Nutmeg use exchange-traded funds (ETFs) as their investment vehicle. These are discussed in more detail in my in-depth Nutmeg review, which also includes details of what I invested with them and when. Note that my investment has grown by a further £1,100 since that article was published.
(2) Ratesetter
Ratesetter is a P2P lending platform. They don’t pay the highest rates, currently ranging from 3% for instant access to 4% for their Max account (where you pay a release fee of 90 days’ interest if you wish to withdraw). Though better than most bank savings accounts, those rates are clearly nothing spectacular.
One thing I particularly like about Ratesetter, though, is that they have a provision fund that effectively covers investors against defaults. That means you don’t have to worry about diversifying your investments across a range of loans, as is the case with some other P2P lending platforms. Of course, if the whole platform were to collapse the provision fund wouldn’t necessarily save you, but Ratesetter has been going for ten years now and appears professionally and competently run. It has delivered the promised returns to me with no stress or hassle, and I am happy to recommend it based on my experience.
In addition, if you check out my Ratesetter review you can discover how to get a free £20 bonus if you invest a mere £10 with them.
(3) Buy2Let Cars
I took a long time before deciding whether to invest with Buy2Let Cars, as it is quite an unusual investment. Basically what you are doing is putting up the money to buy a car for someone in a responsible job who can’t afford to buy one outright themselves. You then receive monthly repayments over a three-year period, and a final repayment of capital plus interest at the end of the loan. The minimum investment is £7,000, so this is obviously not going to work for everyone. Personally I bought one new car at a price of £14,000 in March 2018. Since then I have been receiving £250 per month in repayments, with a final payment of £8,429 due in month 37. That will give me a total net profit of £3,429 based on an annual interest rate of 10% (the rates on offer can vary but once you have signed an agreement the rate is fixed for the duration of the contract).
There are – of course – various safeguards and protections in place, fully discussed in my Buy2Let Cars review. Buy2Let Cars say that to date they have a 100% repayment record to investors, which appears to be confirmed by their Trust Pilot reviews. This investment has been working very well for me, with payments turning up in my bank account every month like clockwork. I am currently semi-retired, so it is providing a useful extra monthly income for me, with a large lump sum due in 2021, just a few months before I qualify for the state pension 🙂 If you think it might work for you, I recommend checking out my Buy2Let Cars review and speaking to my contact there, Brett Cheeseman, who helpfully answered all the questions I had at the time I invested.
(4) Kuflink
Kuflink offer the opportunity to invest in loans secured against property. These loans are typically made to developers who require short- to medium-term bridging finance, e.g. to complete a major property renovation project, before refinancing with a commercial mortgage.

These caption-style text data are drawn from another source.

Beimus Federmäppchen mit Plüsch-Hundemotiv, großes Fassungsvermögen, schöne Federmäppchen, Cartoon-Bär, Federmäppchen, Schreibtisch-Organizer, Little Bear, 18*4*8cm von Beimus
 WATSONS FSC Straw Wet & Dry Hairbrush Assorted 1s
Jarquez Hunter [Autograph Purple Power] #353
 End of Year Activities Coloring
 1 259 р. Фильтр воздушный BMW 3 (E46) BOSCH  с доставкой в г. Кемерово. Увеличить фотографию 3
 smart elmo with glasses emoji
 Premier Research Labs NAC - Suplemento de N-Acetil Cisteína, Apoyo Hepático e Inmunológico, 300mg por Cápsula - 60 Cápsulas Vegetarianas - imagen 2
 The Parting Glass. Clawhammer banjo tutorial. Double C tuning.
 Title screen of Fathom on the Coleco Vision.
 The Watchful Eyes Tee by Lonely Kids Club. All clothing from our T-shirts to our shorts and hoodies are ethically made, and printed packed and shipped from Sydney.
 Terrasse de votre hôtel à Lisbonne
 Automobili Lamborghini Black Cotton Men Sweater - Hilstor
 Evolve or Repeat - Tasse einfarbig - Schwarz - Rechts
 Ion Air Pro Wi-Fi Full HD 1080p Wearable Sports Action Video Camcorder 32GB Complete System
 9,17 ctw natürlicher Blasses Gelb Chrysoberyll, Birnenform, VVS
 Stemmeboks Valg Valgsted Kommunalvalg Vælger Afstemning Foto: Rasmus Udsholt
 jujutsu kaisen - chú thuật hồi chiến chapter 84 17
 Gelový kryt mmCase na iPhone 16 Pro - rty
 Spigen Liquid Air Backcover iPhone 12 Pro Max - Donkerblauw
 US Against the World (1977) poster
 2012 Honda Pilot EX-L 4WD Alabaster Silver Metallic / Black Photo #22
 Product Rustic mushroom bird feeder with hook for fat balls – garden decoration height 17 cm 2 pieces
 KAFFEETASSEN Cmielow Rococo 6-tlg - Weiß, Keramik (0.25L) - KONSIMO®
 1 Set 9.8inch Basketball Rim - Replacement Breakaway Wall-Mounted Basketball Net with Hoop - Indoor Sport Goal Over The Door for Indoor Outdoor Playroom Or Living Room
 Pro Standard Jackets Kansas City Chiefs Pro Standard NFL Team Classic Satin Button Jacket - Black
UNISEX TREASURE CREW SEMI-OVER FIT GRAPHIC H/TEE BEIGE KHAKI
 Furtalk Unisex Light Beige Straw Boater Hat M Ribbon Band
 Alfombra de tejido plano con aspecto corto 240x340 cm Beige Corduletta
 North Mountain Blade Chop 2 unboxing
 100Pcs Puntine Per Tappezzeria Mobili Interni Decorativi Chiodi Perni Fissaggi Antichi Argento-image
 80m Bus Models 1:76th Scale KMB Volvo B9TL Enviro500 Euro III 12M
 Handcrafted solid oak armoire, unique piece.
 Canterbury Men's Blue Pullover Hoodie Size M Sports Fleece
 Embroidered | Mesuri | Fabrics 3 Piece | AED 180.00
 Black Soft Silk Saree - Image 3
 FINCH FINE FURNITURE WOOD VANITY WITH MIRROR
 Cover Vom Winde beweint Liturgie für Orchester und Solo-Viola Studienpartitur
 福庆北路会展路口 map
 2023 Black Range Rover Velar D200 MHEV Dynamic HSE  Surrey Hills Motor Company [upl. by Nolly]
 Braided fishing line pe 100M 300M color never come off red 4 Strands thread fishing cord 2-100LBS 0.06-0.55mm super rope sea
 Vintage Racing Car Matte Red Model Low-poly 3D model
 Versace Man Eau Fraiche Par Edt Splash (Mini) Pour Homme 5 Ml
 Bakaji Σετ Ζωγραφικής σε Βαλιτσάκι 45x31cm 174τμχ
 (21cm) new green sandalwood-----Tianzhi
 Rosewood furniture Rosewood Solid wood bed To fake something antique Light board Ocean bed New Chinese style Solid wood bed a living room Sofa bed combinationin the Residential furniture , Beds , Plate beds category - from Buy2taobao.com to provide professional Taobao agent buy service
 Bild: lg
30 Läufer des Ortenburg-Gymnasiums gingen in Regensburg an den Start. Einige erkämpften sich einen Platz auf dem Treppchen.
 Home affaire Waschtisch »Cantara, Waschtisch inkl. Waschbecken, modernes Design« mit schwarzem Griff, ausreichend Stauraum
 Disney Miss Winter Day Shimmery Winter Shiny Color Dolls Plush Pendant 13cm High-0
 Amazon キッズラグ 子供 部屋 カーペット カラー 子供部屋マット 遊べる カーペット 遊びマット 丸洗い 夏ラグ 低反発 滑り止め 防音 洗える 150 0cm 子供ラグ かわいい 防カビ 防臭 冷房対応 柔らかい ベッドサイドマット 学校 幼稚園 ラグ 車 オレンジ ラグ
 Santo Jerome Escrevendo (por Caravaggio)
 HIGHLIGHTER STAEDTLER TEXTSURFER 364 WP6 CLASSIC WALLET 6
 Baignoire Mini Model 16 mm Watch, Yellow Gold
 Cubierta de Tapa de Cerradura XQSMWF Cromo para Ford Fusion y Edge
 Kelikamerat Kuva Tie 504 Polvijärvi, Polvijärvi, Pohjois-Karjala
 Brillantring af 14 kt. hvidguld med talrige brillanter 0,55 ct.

Kuflink don’t pay the highest rates in this field – their loans are typically at an interest rate of around 7% – but in my view they offer a fair balance between risks and rewards. One thing I like about them is that interest is paid into your account monthly on all loans. I only have a relatively small amount invested, but so far everything has been going well with just the occasional short delay in repayment of capital.
Kuflink currently have a generous welcome offer, with cashback of up to £4,000 for new investors. Take a look at my Kuflink review for more information about this.
(5) Crowdlords
Crowdlords is a property crowdfunding platform. I have been investing with them almost since their launch and have made a good overall profit. Crowdlords pay competitive interest rates (over 20% in some cases) and offer a choice of equity and debt investments. Equity investments are higher risk than debt ones, but offer the potential for bigger returns if all goes well.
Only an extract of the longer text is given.